- **Work to complete**
What you return must be an exact copy of the lines in the listing below between the line holding "灝五行|崆字的五行是什么,崆的五行属性及吉利寓意" and the line holding "راهنمای استفاده از تجهیزات منگنه کوب کارتن", inclusive, and nothing more.

- **Data in this exercise**
—————

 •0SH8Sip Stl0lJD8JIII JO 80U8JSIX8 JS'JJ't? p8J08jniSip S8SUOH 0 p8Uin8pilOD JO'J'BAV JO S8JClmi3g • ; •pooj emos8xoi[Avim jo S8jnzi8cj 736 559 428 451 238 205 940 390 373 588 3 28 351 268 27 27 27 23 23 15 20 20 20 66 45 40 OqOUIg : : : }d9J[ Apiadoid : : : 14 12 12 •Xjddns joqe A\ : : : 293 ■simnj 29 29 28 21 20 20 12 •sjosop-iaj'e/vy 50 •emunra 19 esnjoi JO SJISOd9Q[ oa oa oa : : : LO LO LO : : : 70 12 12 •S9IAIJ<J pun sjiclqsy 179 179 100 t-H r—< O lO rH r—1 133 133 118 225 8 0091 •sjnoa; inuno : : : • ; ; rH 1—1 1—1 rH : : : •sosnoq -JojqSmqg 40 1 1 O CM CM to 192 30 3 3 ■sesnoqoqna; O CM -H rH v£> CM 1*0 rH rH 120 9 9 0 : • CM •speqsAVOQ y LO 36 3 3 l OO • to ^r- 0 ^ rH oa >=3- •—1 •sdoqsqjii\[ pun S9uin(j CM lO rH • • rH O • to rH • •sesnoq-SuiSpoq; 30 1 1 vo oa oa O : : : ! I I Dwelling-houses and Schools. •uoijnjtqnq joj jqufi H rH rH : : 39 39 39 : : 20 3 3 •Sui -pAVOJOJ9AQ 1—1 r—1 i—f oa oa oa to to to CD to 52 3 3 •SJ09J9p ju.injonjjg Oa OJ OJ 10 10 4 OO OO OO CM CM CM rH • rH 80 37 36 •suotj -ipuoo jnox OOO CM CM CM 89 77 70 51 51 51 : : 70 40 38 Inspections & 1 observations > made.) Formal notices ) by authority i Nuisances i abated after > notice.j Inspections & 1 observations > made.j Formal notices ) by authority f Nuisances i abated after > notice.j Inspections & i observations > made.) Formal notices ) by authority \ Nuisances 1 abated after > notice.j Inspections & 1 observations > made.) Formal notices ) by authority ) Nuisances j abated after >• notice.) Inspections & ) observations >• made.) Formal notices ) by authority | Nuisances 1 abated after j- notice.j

—————

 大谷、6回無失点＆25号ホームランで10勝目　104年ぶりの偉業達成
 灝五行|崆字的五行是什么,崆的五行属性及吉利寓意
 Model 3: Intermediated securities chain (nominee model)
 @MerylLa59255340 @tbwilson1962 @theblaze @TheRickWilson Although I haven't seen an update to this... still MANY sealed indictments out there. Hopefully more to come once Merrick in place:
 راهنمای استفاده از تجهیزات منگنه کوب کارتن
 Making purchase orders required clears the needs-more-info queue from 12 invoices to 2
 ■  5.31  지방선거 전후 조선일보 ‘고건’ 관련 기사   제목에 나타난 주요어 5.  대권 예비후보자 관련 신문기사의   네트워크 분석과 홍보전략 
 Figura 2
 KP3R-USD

—————

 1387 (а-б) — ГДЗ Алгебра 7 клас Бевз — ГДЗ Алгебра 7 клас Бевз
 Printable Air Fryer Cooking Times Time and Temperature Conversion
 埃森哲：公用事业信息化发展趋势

—————

- **Written response**
 灝五行|崆字的五行是什么,崆的五行属性及吉利寓意
 Model 3: Intermediated securities chain (nominee model)
 @MerylLa59255340 @tbwilson1962 @theblaze @TheRickWilson Although I haven't seen an update to this... still MANY sealed indictments out there. Hopefully more to come once Merrick in place:
 راهنمای استفاده از تجهیزات منگنه کوب کارتن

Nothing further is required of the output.